R.C. Sproul menekankan:
“The goal of redemption is not escape from hell, but nearness to God.”
Ibrani 10:22 menegaskan hal serupa: “Marilah kita menghadap Allah dengan hati yang tulus...”—karena melalui Kristus, kita tidak hanya diampuni, tetapi diterima dan diundang untuk mendekat.
3. Pengajaran Reformed tentang Hukum dan Injil
a. Fungsi Hukum Taurat
Teologi Reformed menyatakan bahwa hukum memiliki tiga fungsi utama:
-
Cermin – menunjukkan dosa
-
Rem – menahan kejahatan
-
Panduan hidup baru – bagi orang yang telah diselamatkan
Namun hukum tidak dapat membenarkan—ini hanya dapat dilakukan oleh kasih karunia melalui iman kepada Kristus (lih. Gal. 2:16).
b. Kristus sebagai Penggenapan Hukum
Yesus tidak meniadakan hukum, tetapi menggenapinya (Mat. 5:17). Ia satu-satunya yang hidup sempurna di bawah hukum dan mati menggantikan kita yang gagal memenuhi hukum.
Ini adalah dasar doktrin imputed righteousness—bahwa kebenaran Kristus diperhitungkan kepada kita.
4. Aplikasi Ibrani 7:19 dalam Kehidupan Kristen
a. Jangan Bergantung pada Perbuatan
Banyak orang Kristen masih hidup seperti di bawah hukum: berpikir bahwa keselamatan tergantung pada ketaatan pribadi. Ibrani 7:19 membebaskan kita dari beban itu.
Pengharapan yang lebih baik berarti:
-
Kita tidak diselamatkan karena cukup baik
-
Kita tidak perlu takut gagal untuk mendapat kasih Allah
-
Kita didorong untuk taat karena sudah diterima, bukan untuk diterima
b. Akses kepada Allah adalah Privilegi Gereja
Dalam Perjanjian Lama, hanya imam besar yang boleh masuk ruang maha kudus setahun sekali. Tetapi sekarang, semua orang percaya dapat datang langsung kepada Allah melalui Kristus.
Ini mengubah cara kita berdoa, menyembah, dan melayani:
Kita tidak membutuhkan perantara manusia.
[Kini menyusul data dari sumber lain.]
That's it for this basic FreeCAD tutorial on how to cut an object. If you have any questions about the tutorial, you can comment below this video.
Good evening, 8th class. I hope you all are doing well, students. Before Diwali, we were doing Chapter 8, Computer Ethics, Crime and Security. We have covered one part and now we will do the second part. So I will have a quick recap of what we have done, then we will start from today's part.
Doa-doa kita sampai ke hadirat Allah.
Ibadah menjadi pertemuan pribadi dengan Allah.
c. Kesempurnaan dalam Kristus, Bukan Dunia
Budaya dunia mendorong pencapaian, kesempurnaan fisik, moral, atau profesional. Tetapi kesempurnaan sejati—dalam relasi dengan Allah—hanya ada dalam Kristus.
Kesempurnaan bukan tujuan hidup Kristen, tetapi buah dari pengharapan dalam Kristus.
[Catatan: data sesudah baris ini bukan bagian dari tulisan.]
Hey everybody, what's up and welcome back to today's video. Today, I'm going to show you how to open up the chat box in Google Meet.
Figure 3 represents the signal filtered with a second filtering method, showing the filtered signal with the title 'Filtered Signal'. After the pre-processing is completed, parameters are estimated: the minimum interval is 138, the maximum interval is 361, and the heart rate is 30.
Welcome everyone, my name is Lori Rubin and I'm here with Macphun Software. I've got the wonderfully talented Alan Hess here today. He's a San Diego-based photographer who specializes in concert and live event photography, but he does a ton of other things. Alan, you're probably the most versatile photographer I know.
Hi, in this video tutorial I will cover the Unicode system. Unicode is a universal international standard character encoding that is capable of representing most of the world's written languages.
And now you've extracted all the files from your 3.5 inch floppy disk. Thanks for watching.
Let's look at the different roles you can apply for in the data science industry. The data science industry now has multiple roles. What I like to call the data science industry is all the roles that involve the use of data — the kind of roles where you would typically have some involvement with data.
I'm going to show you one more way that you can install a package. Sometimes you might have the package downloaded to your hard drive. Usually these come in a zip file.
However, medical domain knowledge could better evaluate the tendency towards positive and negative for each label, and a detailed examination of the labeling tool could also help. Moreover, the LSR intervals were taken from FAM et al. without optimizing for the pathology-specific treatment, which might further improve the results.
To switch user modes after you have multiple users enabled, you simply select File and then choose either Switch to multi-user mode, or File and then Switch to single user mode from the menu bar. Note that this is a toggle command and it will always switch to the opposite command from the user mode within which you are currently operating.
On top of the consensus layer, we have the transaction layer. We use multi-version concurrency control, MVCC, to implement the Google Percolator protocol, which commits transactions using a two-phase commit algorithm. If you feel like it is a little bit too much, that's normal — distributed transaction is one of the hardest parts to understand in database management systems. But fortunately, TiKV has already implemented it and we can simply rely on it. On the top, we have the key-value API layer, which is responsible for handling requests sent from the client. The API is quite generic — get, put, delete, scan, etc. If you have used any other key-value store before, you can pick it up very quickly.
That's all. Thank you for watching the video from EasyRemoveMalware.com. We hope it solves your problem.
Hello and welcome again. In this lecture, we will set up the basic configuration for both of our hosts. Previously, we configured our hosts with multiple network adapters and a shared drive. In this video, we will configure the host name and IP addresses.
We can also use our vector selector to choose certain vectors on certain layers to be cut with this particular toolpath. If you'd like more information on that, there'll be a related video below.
5. Refleksi Para Teolog Reformed
John Calvin
“The Law condemns; Christ justifies. The Law separates; Christ draws near. The Law is shadow; Christ is substance.”
Herman Bavinck
“Hope in Christ is not wishful thinking. It is grounded in the eternal counsel of God and the finished work of Christ.”
R.C. Sproul
“A better hope is one that rests in God's power, not human performance.”
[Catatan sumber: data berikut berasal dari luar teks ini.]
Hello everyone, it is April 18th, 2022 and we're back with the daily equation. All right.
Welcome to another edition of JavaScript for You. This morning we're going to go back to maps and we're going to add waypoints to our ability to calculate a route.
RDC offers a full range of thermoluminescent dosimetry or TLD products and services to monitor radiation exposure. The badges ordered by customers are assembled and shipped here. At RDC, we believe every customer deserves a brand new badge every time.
6. Gereja dan Pelayanan dalam Cahaya Ibrani 7:19
a. Injil sebagai Pusat, Bukan Moralitas
Gereja harus berhati-hati agar tidak mengganti Injil dengan pengajaran moralistik. Injil bukan “lakukan lebih baik”, tetapi “Kristus telah selesai melakukannya.”
b. Pemuridan Berdasarkan Kasih Karunia
Pemuridan bukan hanya mengajarkan hukum, tapi mengarahkan kepada pengharapan dalam Kristus. Ini membentuk motivasi yang sehat dalam pertumbuhan rohani.
c. Ibadah yang Berani Menghadap Allah
Karena kita memiliki pengharapan yang lebih baik, ibadah seharusnya dilakukan dengan penuh keyakinan, syukur, dan sukacita. Kita tidak datang sebagai orang berdosa yang takut, tetapi sebagai anak yang diundang Bapa-Nya.
7. Kesimpulan: Hidup dalam Pengharapan yang Lebih Baik
Ibrani 7:19 adalah deklarasi kuat bahwa:
-
Hukum tidak menyempurnakan kita
-
Pengharapan kita hanya ada dalam Kristus
-
Tujuan Injil adalah mendekatkan kita kepada Allah
Pengharapan Kristen bukan sekadar optimisme, melainkan kepastian rohani berdasarkan karya Yesus sebagai Imam Besar kita. Maka kita hidup bukan dalam ketakutan akan kegagalan, melainkan dalam damai dan sukacita karena kita diterima oleh Allah.